▽
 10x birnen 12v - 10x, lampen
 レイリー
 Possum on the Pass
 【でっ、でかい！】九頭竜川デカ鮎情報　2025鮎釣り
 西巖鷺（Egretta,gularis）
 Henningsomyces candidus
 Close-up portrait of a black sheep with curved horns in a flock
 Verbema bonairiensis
△
▽
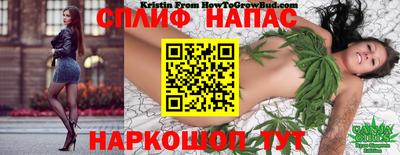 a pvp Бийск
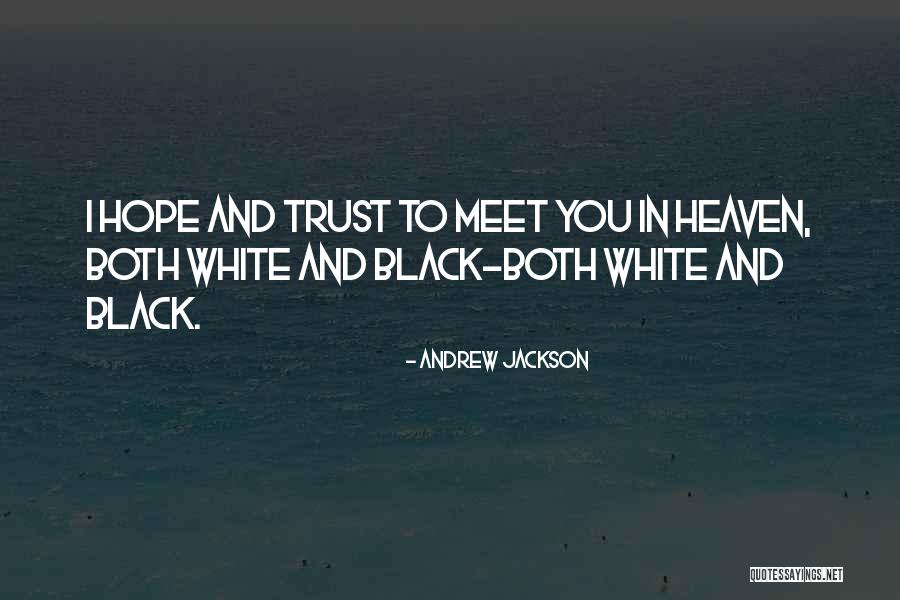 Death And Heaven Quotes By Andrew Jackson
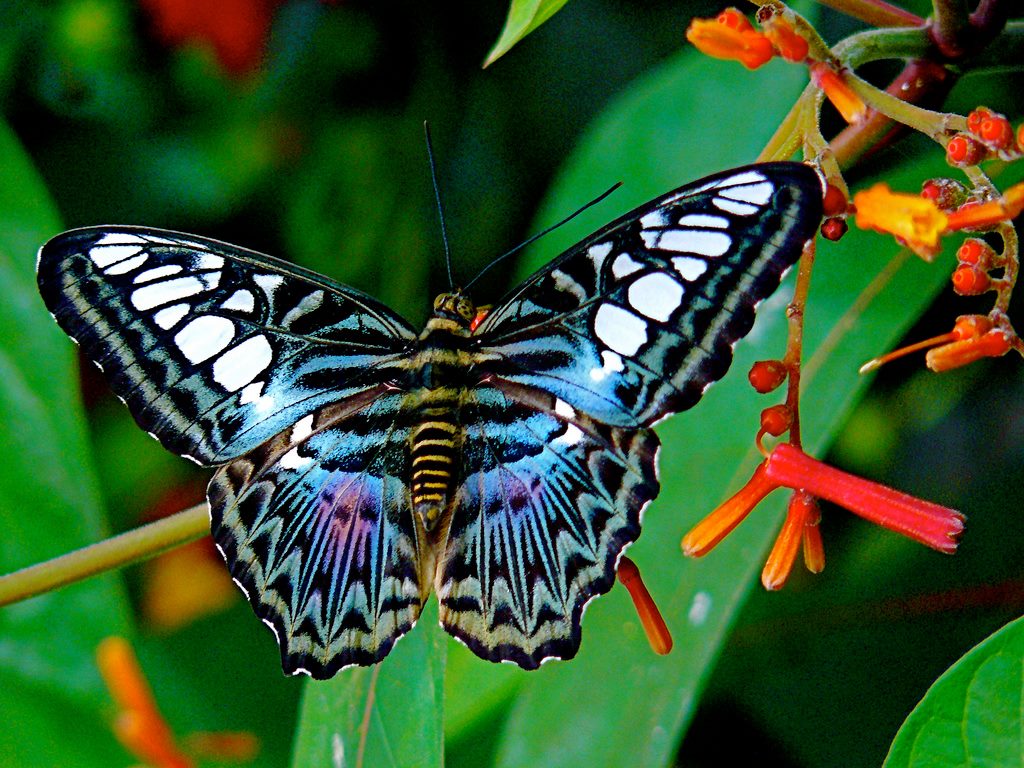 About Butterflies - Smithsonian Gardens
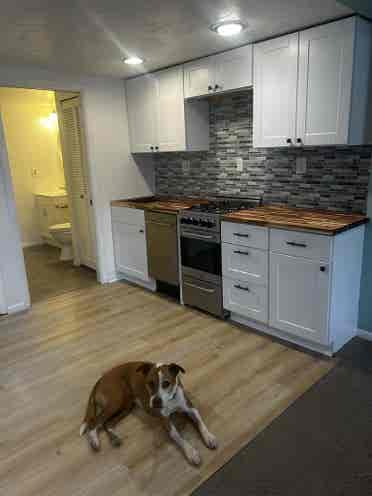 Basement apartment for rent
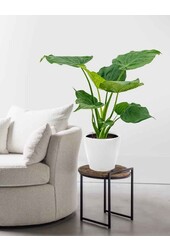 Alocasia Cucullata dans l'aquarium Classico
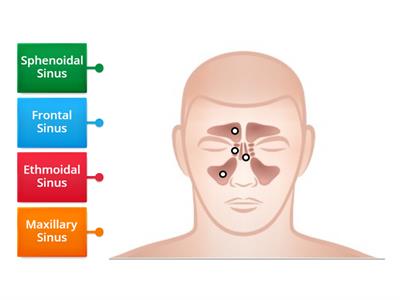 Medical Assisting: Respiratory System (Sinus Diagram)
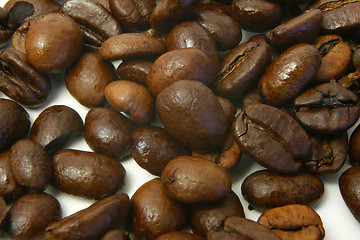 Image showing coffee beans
△
Problem description: From the listing above, repeat only the lines between the line containing "Basement apartment for rent" and the line containing "Image showing coffee beans", those two included. Pictures are not part of the copy.

Task output:
 Basement apartment for rent
 Alocasia Cucullata dans l'aquarium Classico
 Medical Assisting: Respiratory System (Sinus Diagram)
 Image showing coffee beans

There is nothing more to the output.